Simon scratched the knife down the tooth with extra force by way of reply, and Arran groaned.
The next thing he knew, though, Simon was waking him up with more or less good grace. The bell was sounding, and he tumbled out of his hammock with an aching head from the bruise on his temple that had deepened during his rest.
The watch crept by as slowly as possible. He spent most of it squinting at pieces of rope under the dim glow of a little lantern, trying to work on a series of splices with an inadequate marlinspike while ignoring his sore head. It was a dull job, and made for a dull shift, despite the occasional interruption from someone who either applauded or condemned his performance earlier in the evening. He kept looking up at the moon.
Dawn brought him a great deal more satisfaction, however. Not only did he finish his task, but the barest glimpse of Ravenaught’s watch tower, dark against the light of the rising sun, prompted the lookout to holler at the top of his lungs that they had almost arrived.
Arran was even more relie
ved that he had thought he would be. The city was just a stopover on the way to Niheba, but it was one leg of the journey completed, and it had only taken seven days. There was plenty of time. There would be plenty of time.

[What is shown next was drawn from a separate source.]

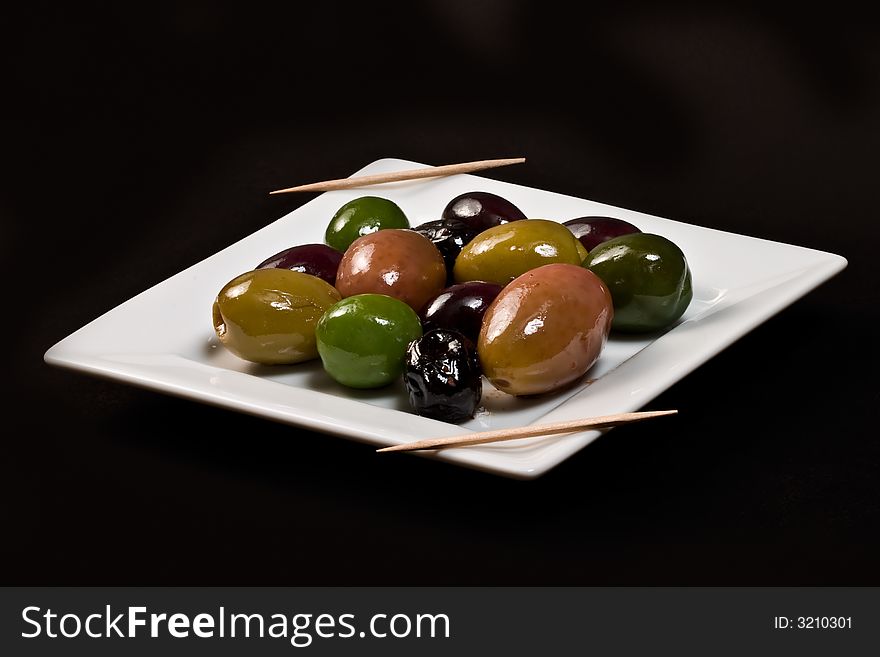 Miscellaneous black and green olives. Miscellaneous black and green olives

Long after the ship had tied up and the docking duties had been completed, he was sitting in his hammock again as the rest of the sailors were preparing for a night ashore. They would be staying in Ravenaught for two days to replenish their supplies. That meant some leisure time for the hands, and that meant liquor and loose women.

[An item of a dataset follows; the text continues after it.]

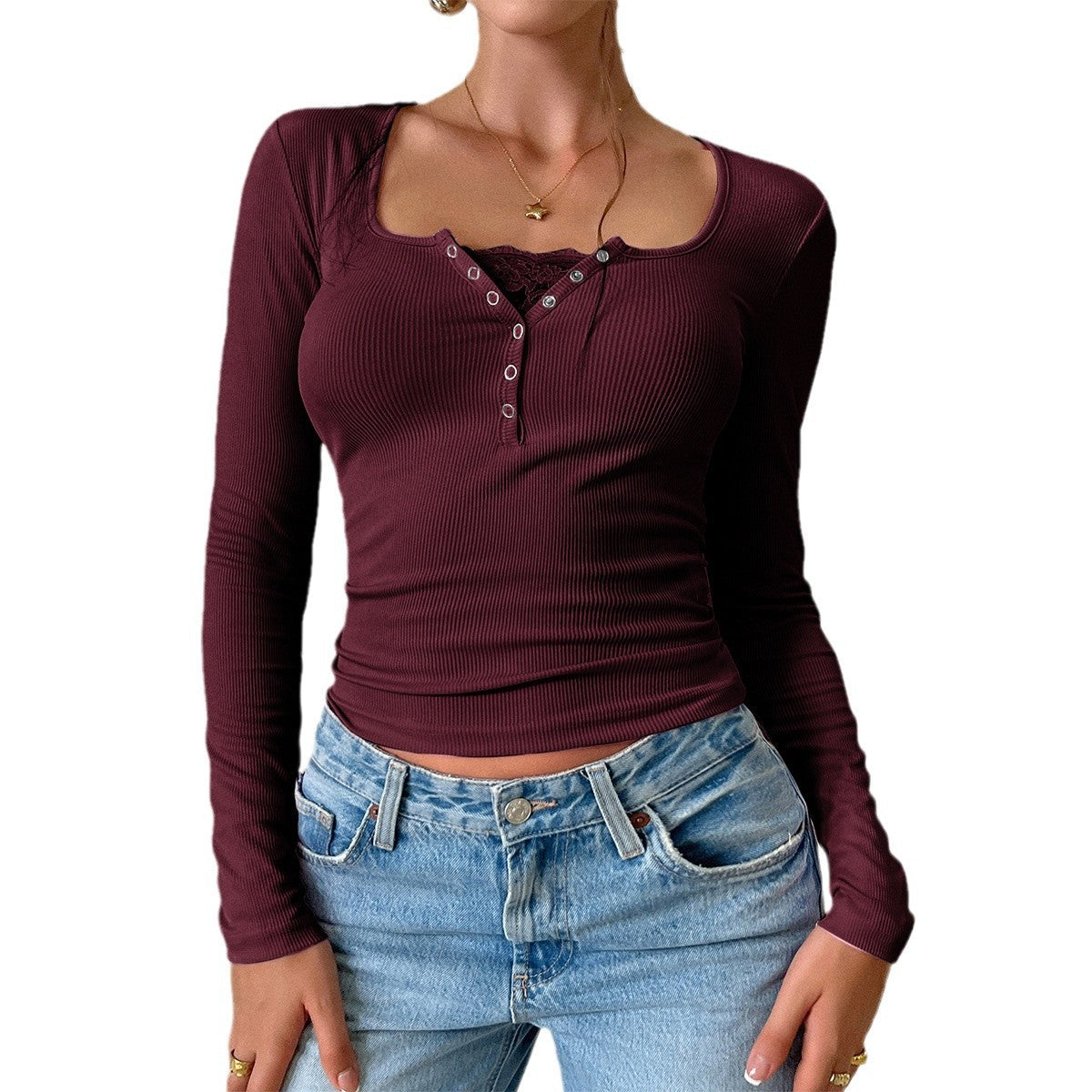 Damen Langarmshirt mit Knopfleiste und Rippstruktur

Arran wasn’t particularly looking forward to it. The lower deck would turn into a tawdry saloon all night long, and he wasn’t going to be able to get any sleep. Not to mention the fact that it was going to eat into the crew’s theoretical earnings, and at least half of the money he earned from the fight would go up in smoke.
Besides, it wouldn’t help him keep a low profile when there were strangers aboard, especially if he refused the attentions of the very solicitous young ladies that flocked to such gatherings. That would stick out as odd, and anyone looking for information on a wanted man knew that prostitutes offered more than just their affections for a few coins. Being appropriately genial in such situations normally didn’t bother him very much – quite the opposite, sometimes – but he just wasn’t in the mood. He wanted to be moving. He wanted to be free.
“Ain’t you coming?” Simon asked, tugging at the collar of his shore-going jacket, which was stiff and shrunken from being rarely worn and poorly washed. “Bet you could get one of the leftover girls if you scrubbed up right.”
“That’s all right. I’m sure I couldn’t fight them away from you.”
“If you say so,” Simon shrugged, and left him on his own again.
As the ship emptied out, he lay down and tried to close his eyes, knowing he would only have a few hours of quiet before they all came back again, trailing the stench of bad beer. But sleep wouldn’t come, of course, not even after twenty minutes of groaning quietly as he punched his pillow into shape and rolled over again and again, hoping each time that his new position would be the key to his rest. It was too early, and his mind wouldn’t stop its tedious, repetitive workings.